═════ Recorded data

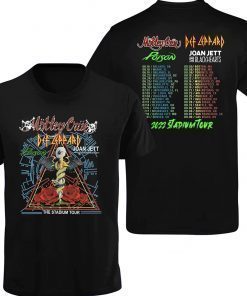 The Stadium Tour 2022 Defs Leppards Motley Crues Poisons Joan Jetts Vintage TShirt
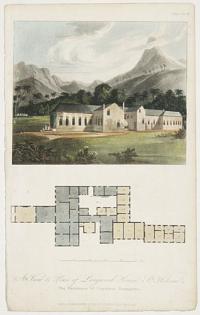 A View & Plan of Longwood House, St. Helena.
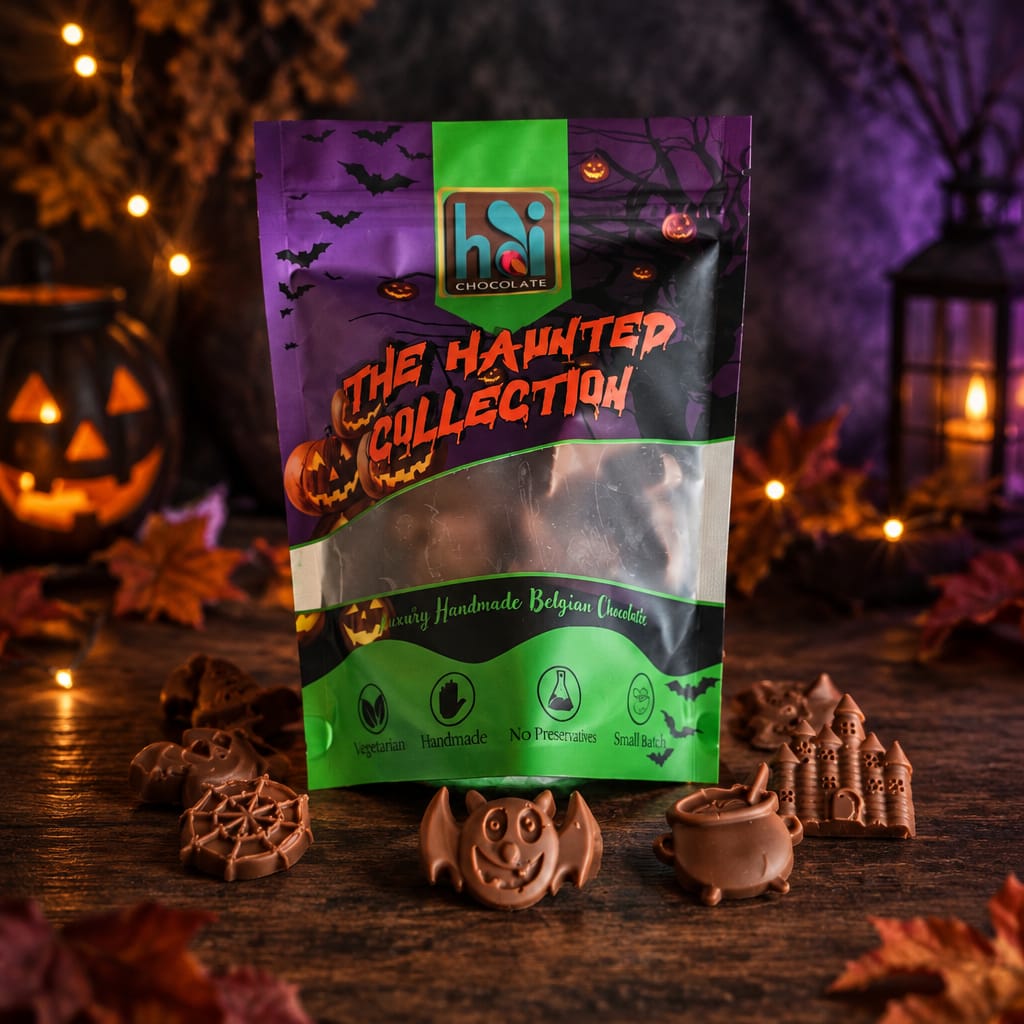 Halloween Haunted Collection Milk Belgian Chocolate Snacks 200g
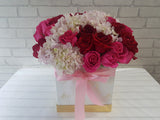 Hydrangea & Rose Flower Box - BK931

══════════

▶ Exercise objective
Reproduce every line of the material above, but drop the pictures.

▶ Result of this task
 The Stadium Tour 2022 Defs Leppards Motley Crues Poisons Joan Jetts Vintage TShirt
 A View & Plan of Longwood House, St. Helena.
 Halloween Haunted Collection Milk Belgian Chocolate Snacks 200g
 Hydrangea & Rose Flower Box - BK931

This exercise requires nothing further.